5. RELATED WORK Related work falls into three categories: contact management systems, expertise location systems, and content-based inference engines. Contact management systems include email programs (e.g., Microsoft Outlook), business card scanners and electronic rolodexes (e.g., CardScan and BizCard Reader), and customer relationship management software (e.g., GoldMine, TeleMagic and Act). Expertise location systems include systems such as AnswerGarden2 [2] and ReferralWeb [3]. In contrast to our approach, none of these systems analyzes the user’s context to proactively recommend contacts. Content-based inference engines are commonly used in match-making systems such as Yenta [4], knowledge management systems such as Verity and Autonomy, and just-in-time (JIT) retrieval agents [5, 6, 7]. However, these systems typically recommend documents, not contacts, and use only general textual similarity as opposed to explicit contact information matching.

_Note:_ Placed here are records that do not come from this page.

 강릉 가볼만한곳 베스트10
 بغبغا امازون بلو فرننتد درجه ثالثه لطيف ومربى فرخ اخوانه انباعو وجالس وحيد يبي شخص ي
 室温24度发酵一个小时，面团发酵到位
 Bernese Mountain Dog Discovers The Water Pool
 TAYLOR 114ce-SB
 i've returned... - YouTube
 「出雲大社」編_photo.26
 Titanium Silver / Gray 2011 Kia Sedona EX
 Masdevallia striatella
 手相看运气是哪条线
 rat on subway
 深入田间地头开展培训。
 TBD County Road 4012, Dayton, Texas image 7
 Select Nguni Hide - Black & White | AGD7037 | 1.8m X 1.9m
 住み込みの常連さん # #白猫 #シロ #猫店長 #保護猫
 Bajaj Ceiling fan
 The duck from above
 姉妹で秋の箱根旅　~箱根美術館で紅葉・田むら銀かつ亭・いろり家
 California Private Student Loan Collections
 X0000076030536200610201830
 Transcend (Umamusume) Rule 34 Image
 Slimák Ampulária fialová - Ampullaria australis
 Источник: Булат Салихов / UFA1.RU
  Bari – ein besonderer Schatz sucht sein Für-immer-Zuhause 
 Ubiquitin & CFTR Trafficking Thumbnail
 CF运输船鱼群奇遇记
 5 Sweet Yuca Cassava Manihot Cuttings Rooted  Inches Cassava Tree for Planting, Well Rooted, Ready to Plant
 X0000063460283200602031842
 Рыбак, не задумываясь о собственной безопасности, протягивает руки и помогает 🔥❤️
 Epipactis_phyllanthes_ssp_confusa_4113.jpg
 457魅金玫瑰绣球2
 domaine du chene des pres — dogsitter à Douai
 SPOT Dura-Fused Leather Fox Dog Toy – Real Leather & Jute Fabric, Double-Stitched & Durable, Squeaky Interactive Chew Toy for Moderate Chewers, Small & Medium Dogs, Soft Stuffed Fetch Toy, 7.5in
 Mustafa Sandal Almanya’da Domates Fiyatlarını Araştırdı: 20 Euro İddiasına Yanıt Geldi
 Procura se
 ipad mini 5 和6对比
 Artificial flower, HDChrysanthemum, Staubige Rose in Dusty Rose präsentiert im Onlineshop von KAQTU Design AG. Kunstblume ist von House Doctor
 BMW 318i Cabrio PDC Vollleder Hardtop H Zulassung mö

6. CONCLUSIONS AND FUTURE WORK The contextual contact retrieval system described in this paper uses a set of simple contact matching heuristics to provide oneclick access to relevant contacts, based on currently displayed email messages or web pages. While our initial experience has been encouraging—helping users recall and discover contacts at the time of need—future work will focus on: (1) increasing users’ awareness of recommendations, e.g., by embedding unobtrusive indicators within email and web page text, (2) enriching our retrieval methods with rich content-based models of employees, visitors and contacts; and (3) formally evaluating the utility of this service.

7. REFERENCES [1] Nardi, B.A., Whittaker, S., Isaacs, E., Creech, M., Johnson, J., and Hainsworth, J. (2002). Integrating communication and information through ContactMap. Communications of the ACM, 45(4). [2] Ackerman, M.S. and McDonald, D.W. (1996). Answer Garden 2: Merging Organizational Memory with Collaborative Help. Proc. of CSCW 1996: 97-105. [3] Kautz, H., Selman, B., & Shah, M. (1997). The Hidden Web. AI Magazine, 18(2), 27-36. [4] Foner, L. (1997). Yenta: A Multi-Agent, Referral Based Matchmaking System. Proc. of Agents '97. [5] Rhodes, B. (2000). Just-In-Time Information Retrieval. Ph.D. thesis, MIT Media Laboratory, Cambridge, MA. [6] Budzik, J., and Hammond K. (1999). Watson: Anticipating and Contextualizing Information Needs. Proc. ASIS 1999. [7] P. P. Maglio, R. Barrett, C. S. Campbell, and T. Selker. (2000). SUITOR: An attentive information system. Proc. of IUI 2000, pp. 169-176.